▶ Task instructions
Please copy each line of the listing below precisely, excluding the images.

▶ Recorded data
━━━━

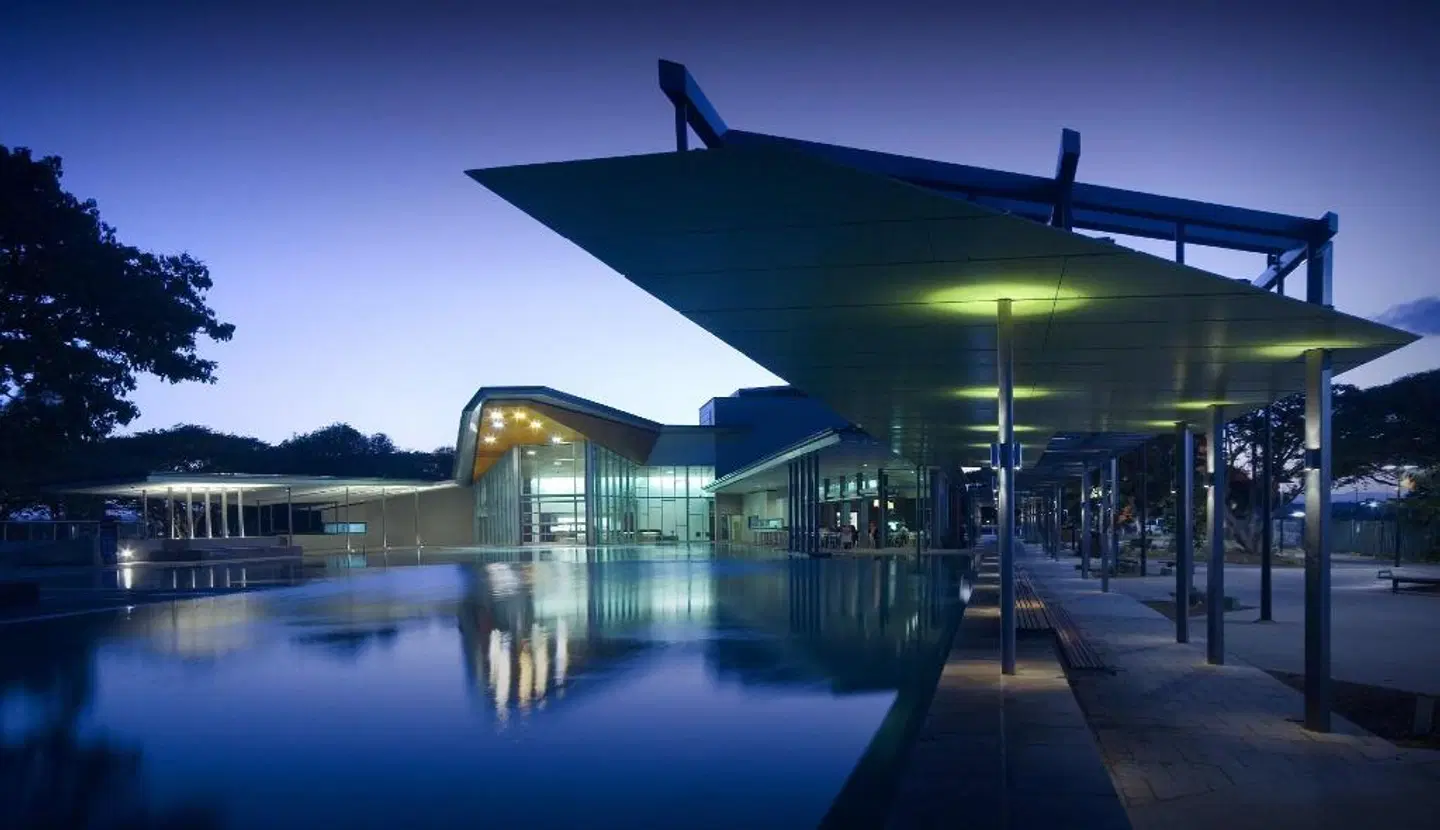 Itara Apartments OUTDOOR_POOL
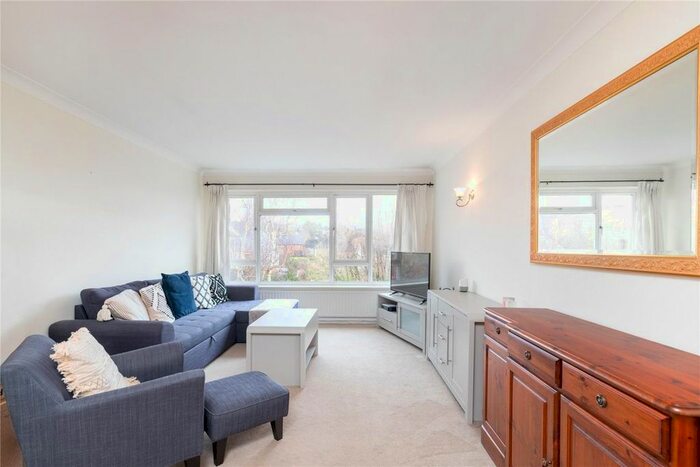 2 Bedroom Flat To Rent In Durham Road, London, SW20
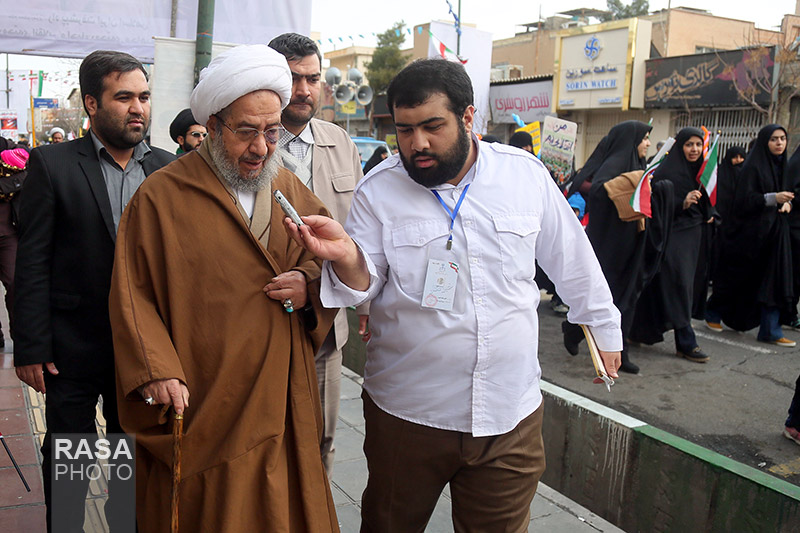 فجر انقلاب / حضور آیت الله مقتدایی در راهپیمایی 22 بهمن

━━━━

▶ Your response
 Itara Apartments OUTDOOR_POOL
 2 Bedroom Flat To Rent In Durham Road, London, SW20
 فجر انقلاب / حضور آیت الله مقتدایی در راهپیمایی 22 بهمن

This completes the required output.